1) reveals the depth of human sin; 2) shows us the love of God; and 3) stands as the only way of salvation.

In this evangelist’s eyes, the cross is the sign of the suffering that Jesus endured for the world. His real suffering was not merely physical. God placed on him the sins and evils of all of us. As the Bible says, “he became sin.”

Rev. Graham finds in the Good Thief, the criminal who hung on a cross next to Jesus, the greatest faith in all the Bible. He was the one who turned to Jesus and said, “Lord, remember me when you come into your kingdom.” This prayer merited the response from Jesus, “This day you will be with me in paradise.”
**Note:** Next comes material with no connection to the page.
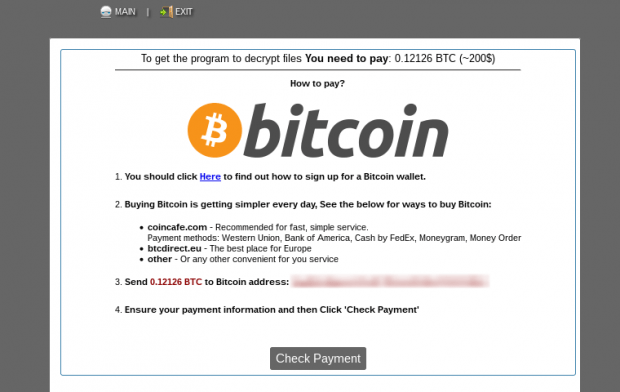 Payment site used by UIWIX virus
So sure of the way of the Cross is Rev. Graham that he shares with his listeners this promise: “You’ll find a life you never knew existed.”

To the young people present, Rev. Graham applied the God’s law to sexuality. If you keep this law, he promised, “there is no thrill such as when you come to your marriage bed.”

Billy Graham’s basic message is consistent: Jesus Christ is the solution to human problems. His formula for what a person needs to do to prepare for the future comes in three parts: 1) admit to God that you have sinned; 2) turn away from what is wrong; 3) turn to the cross of Jesus.

Among the many stories he shared with listeners was one about a little boy who got lost in London. A police officer who found the boy asked where he lived. The boy, however, could not remember the names of streets near his home. Finally, the child recalled that there was a church nearby with a cross on top.

The moral of the story according to the evangelist? “Take me to the cross and I can find my way home from there.”